In the wireless communications industry, as well as the cable and telecom industry, customers have choices in who they wish to subscribe with. Providers have competed on price in the history of the telecommunications industry, but with new technologies available, companies are trying to differentiate their products. The cable and satellite industry have recently been fighting for HD broadcasting dominance over one another, both claiming to provide more HD channels. The wireless communications industry has also tried to differentiate themselves through strengthening their networks and acquiring exclusive rights to handheld devices high in demand. Overall, there are many television and wireless providers customers can choose to go with, providing customers with a mid to high range of buying power.
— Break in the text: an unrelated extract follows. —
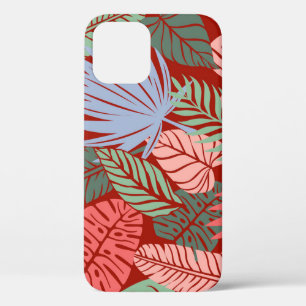 Funda Para iPhone 12 Hojas tropicales de Doodle: Oscuras manos dibujada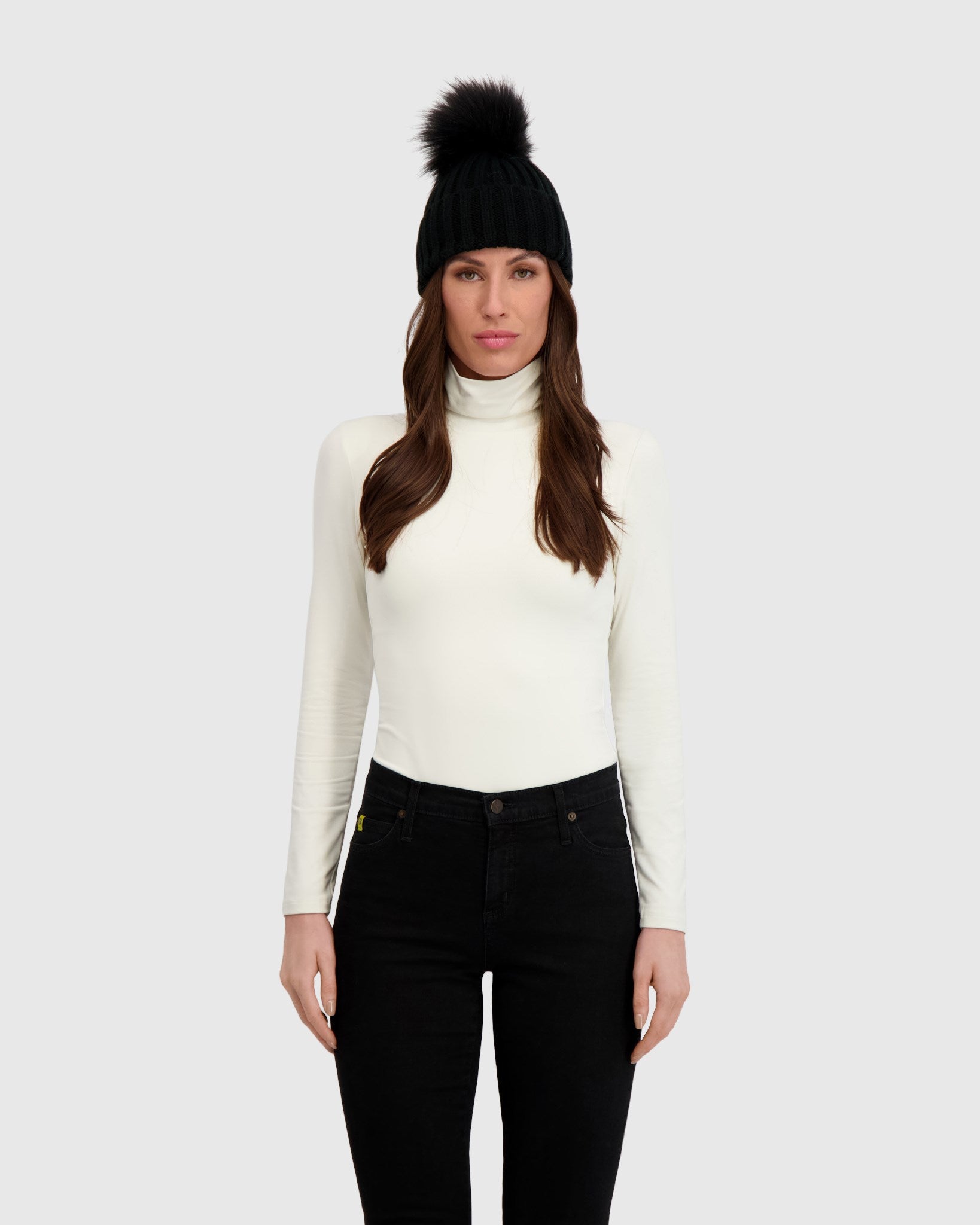 KNIT BEANIE HAT WITH FUR-FREE FOX (FAUX FUR) POMPOM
The wireless Industry fights very hard to get exclusive deals with certain wireless handsets. Wireless companies can acquire more customers based on having the newest and most advanced phones available. It is up to the supplier of the handset to which wireless provider they will make a deal with. The suppliers does have some power in this industry, but overall, all providers get most cellular devices that are currently available.
It comes as no surprise that in the capital-intensive telecom industry, the biggest barrier to entry is access to finance. To cover high fixed costs, serious contenders typically require a lot of cash. When financing opportunities are less readily available, the pace of entry slows. Meanwhile, ownership of a telecom license can represent a huge barrier to entry. In the U.S., for instance, new telecom operators must still apply to the Federal Communications Commission (FCC) to receive approval and licensing. There is also a finite amount of "good" radio spectrum that lends itself to mobile voice and data applications. In addition, it is important to remember that solid operating skills and management experience is fairly scarce, making entry even more difficult.
Cable TV and satellite operators now compete for buyers. They try to differentiate from each other by offering the same service in competing and different ways. Satellite providers compete based on the fact satellite channels are 100 percent digital quality and offer better reception across the channel lineup than cable. Cable companies say satellite reception is far more dependent upon weather than cable, and thus, cable is more efficient, especially in volatile climates. Cable companies, with their own direct lines into homes, offer broadband internet services, and satellite links can be substituted for high-speed networking needs.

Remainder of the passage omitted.